Anthony J. Andolino, East Orange, for defendant Planned Parenthood Essex County (Schwartz & Andolino, East Orange, attorneys).

LOFTUS, J.C.C., Temporarily Assigned.

This is an action brought by plaintiffs Emelina and Lawrence Betancourt, husband and wife, against defendants Dr. E. Leslie Gaylor, Planned Parenthood Essex County, Hospital Center at Orange and Dr. Shigeo Kondo. The action seeks money damages for the alleged negligence of defendants with regard to the failure of a sterilization operation performed on Mrs. Betancourt. The complaint generally makes a demand of judgment against defendants jointly and severally, together with costs of suit.
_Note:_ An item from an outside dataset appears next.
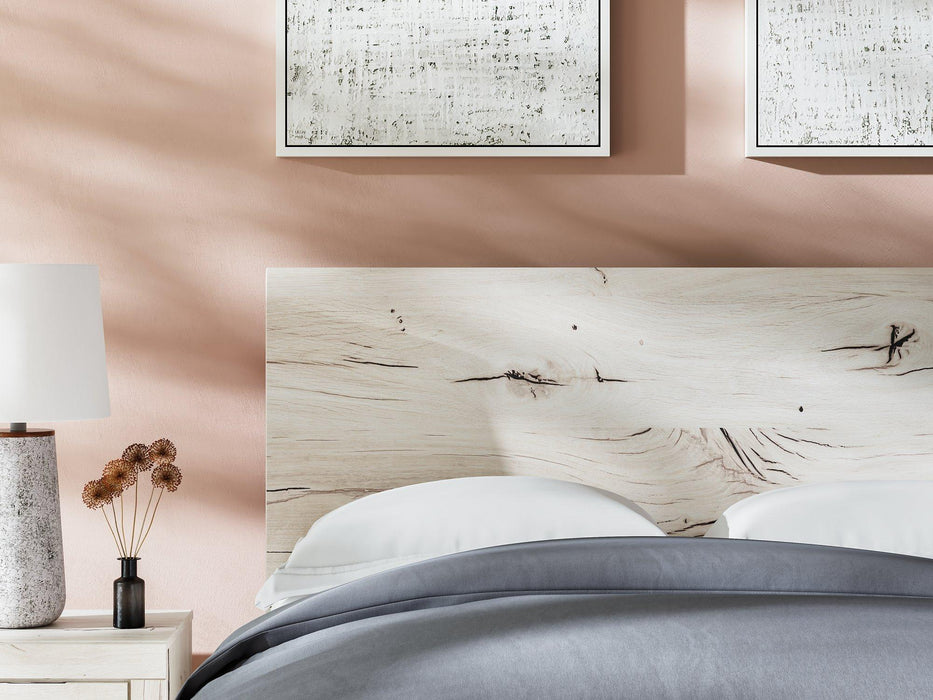 Lawroy Bed - Furniture House (VA)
In answers to interrogatories propounded by defendants, plaintiffs allege as a measure of damages the costs, emotional upset and physical inconvenience of rearing the child born subsequent to the allegedly negligent sterilization operation. Defendants moved for summary judgment dismissing the complaint. This motion was amended Nunc pro tunc to dismiss only those allegations of the complaint as set forth in answers to interrogatories alleging as damages the costs, emotional upset and physical inconvenience of rearing the child in question.

A motion for summary judgment of dismissal concedes, for purposes of the motion, the truth of plaintiffs' evidence and every inference that can legitimately be drawn therefrom which is favorable to plaintiff and denies only its sufficiency in law. Melone v. Jersey Central Power and Light Co., 18 N.J. 163, 170, 113 A.2d 13 (1955); Heavener v. Uniroyal, Inc., 63 N.J. 130, 133, 305 A.2d 412 (1973); Hirsch v. Travelers Inc. Co., 134 N.J.Super. 466, 341 A.2d 691 (App.Div.1975).
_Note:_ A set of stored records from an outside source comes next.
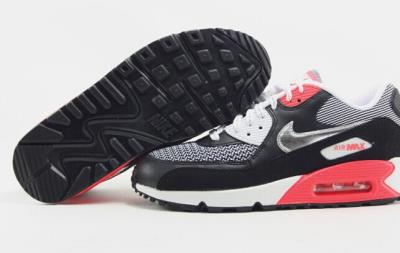 Nike Air Max 90-543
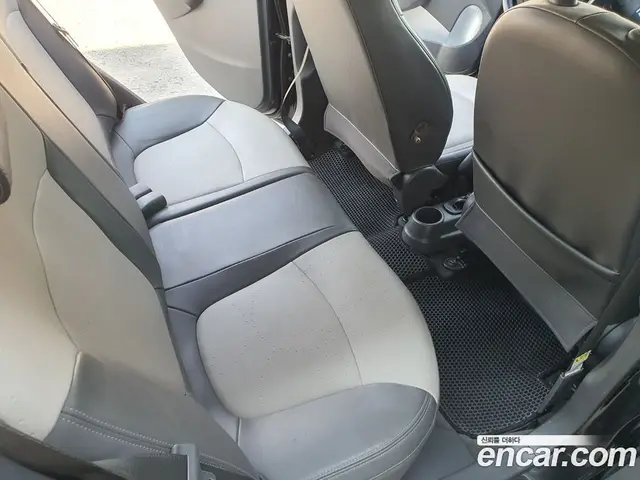 Chevrolet Spark 2012 1.0 автомат (гидро), миниатюра 11 Chevrolet Spark 2012 1.0 автомат (гидро), миниатюра 11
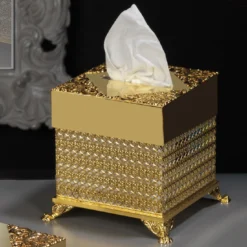 Bar Kleenex Box #3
Plaintiffs' evidence and all the legitimate inferences therefrom indicate that on August 17, 1971 Mrs. Betancourt contacted defendant Planned Parenthood in order to avail herself of its family planning services and medical care. On its recommendation she was referred to Dr. E. Leslie Gaylor, who performed the sterilization operation (a bilateral tubal ligation) on plaintiff, Mrs. Betancourt. Defendant Dr. Kondo acted in his capacity as a pathologist on the staff of defendant Hospital Center at Orange and examined the tissue removed from plaintiff. Some 18 months later, in March 1973, plaintiff ascertained that she was pregnant. She subsequently gave birth to a healthy, normal child.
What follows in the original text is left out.